SUPPLIED MATERIAL |
━━━━
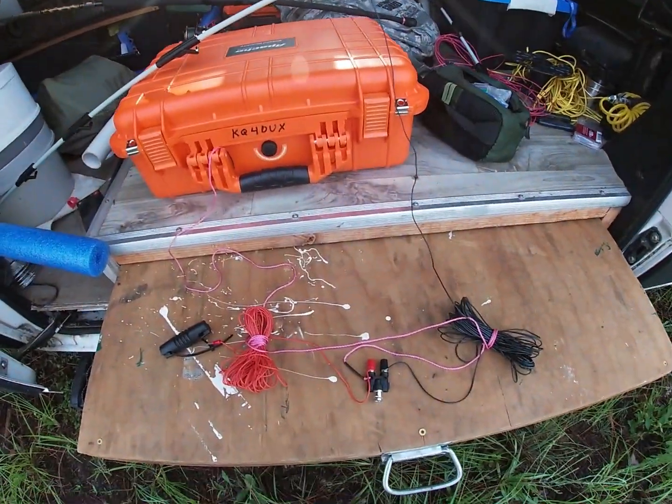This might be a nice antenna for a simple activation — say you've got one tree, mast, or attachment point. You could catch 40 early in the morning until it goes away, and then go right to 15 meters. Or in the afternoon, you work 15 during the day, and as the sun starts to go down and 40 picks up, you go right there.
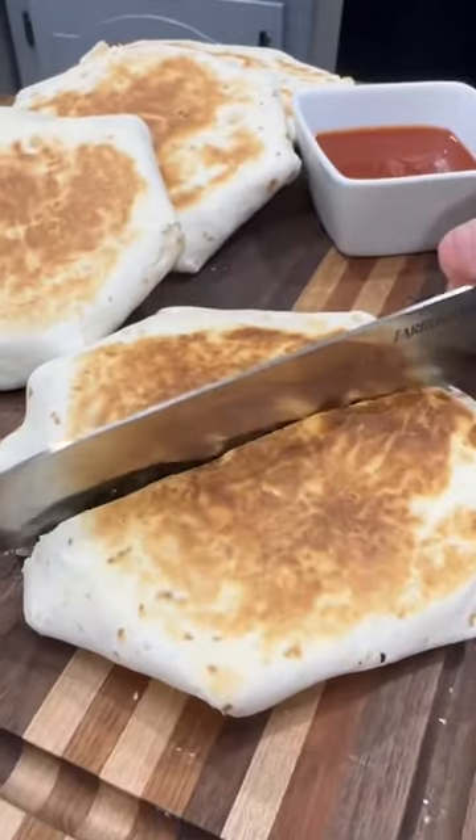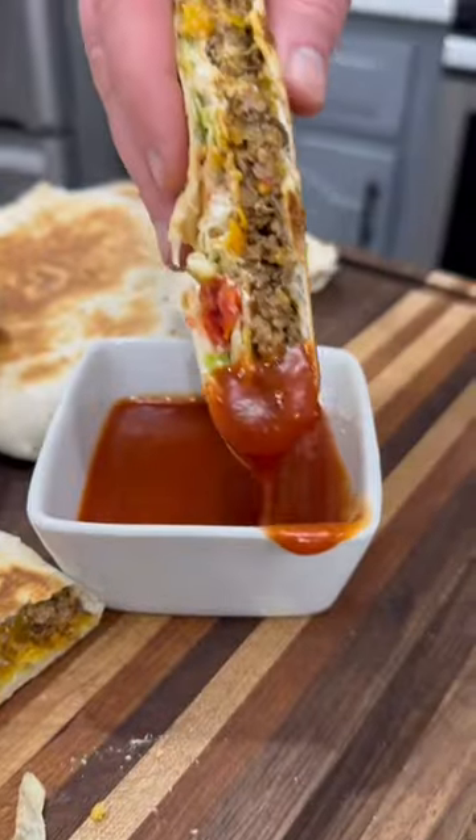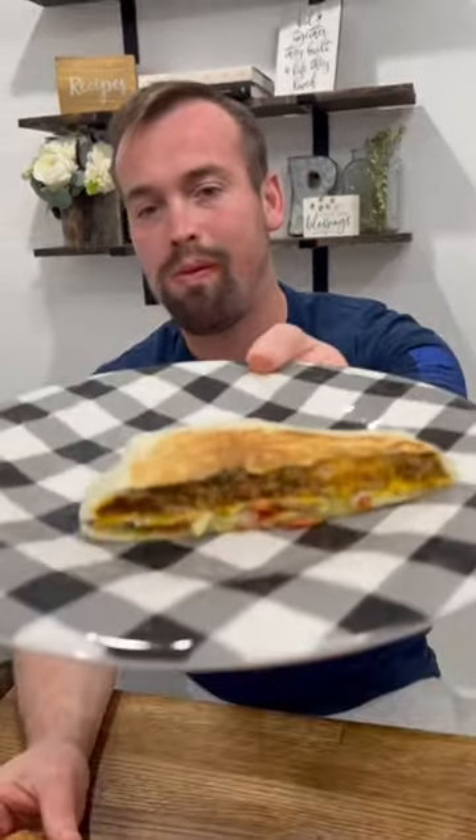All those 1am trips to Taco Bell back in college pretty much keep me out of there today, but we still like to have crunch wraps for dinner every once in a while. These are cheap and easy to make at home, and everybody gets to pick what they have in theirs.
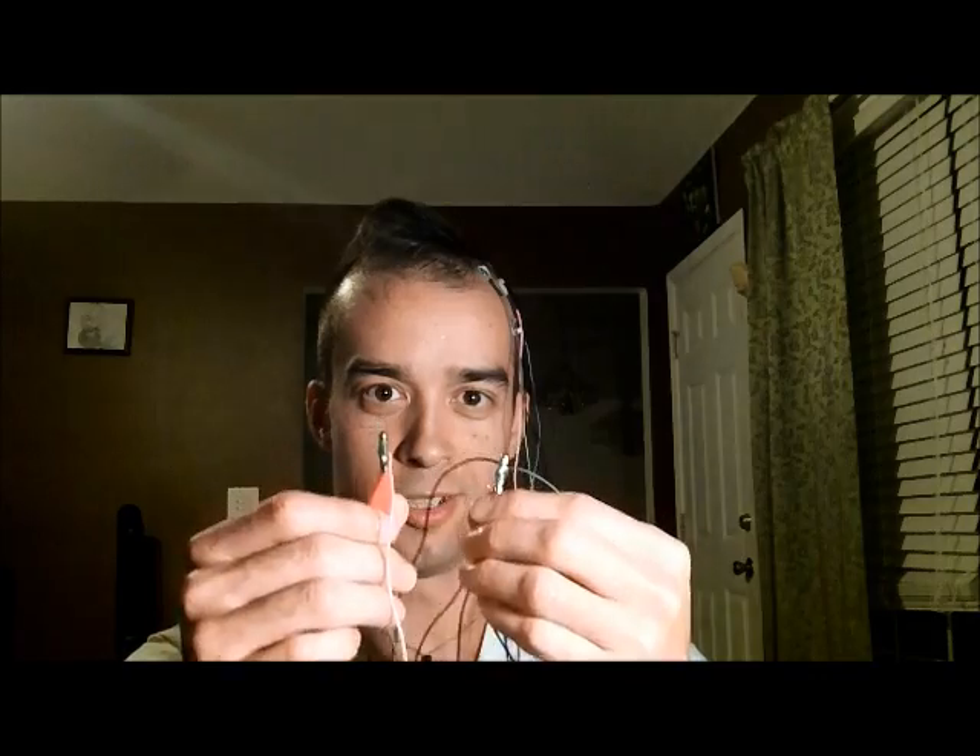This is my home-rigged HD-TDCS electrodes, as you can see. I got some wires spliced, hooked up to my iontophoresis device.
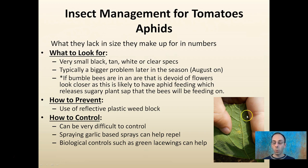You can use reflective plastic weed block to help repel aphids. They can be very difficult to control, but spraying garlic-based sprays can help repel them. There's also biological control such as green lacewings, which can actively provide insect-to-insect biocontrol. They are very small, they come in large numbers, and they can do severe damage to your crops.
━━━━
WHAT TO WORK ON | Copy word for word every line from the one holding "This is my home-rigged" to the end of the listing, both ends included, but do not copy any pictures.

SOLUTION TO THE EXERCISE |
This is my home-rigged HD-TDCS electrodes, as you can see. I got some wires spliced, hooked up to my iontophoresis device.
You can use reflective plastic weed block to help repel aphids. They can be very difficult to control, but spraying garlic-based sprays can help repel them. There's also biological control such as green lacewings, which can actively provide insect-to-insect biocontrol. They are very small, they come in large numbers, and they can do severe damage to your crops.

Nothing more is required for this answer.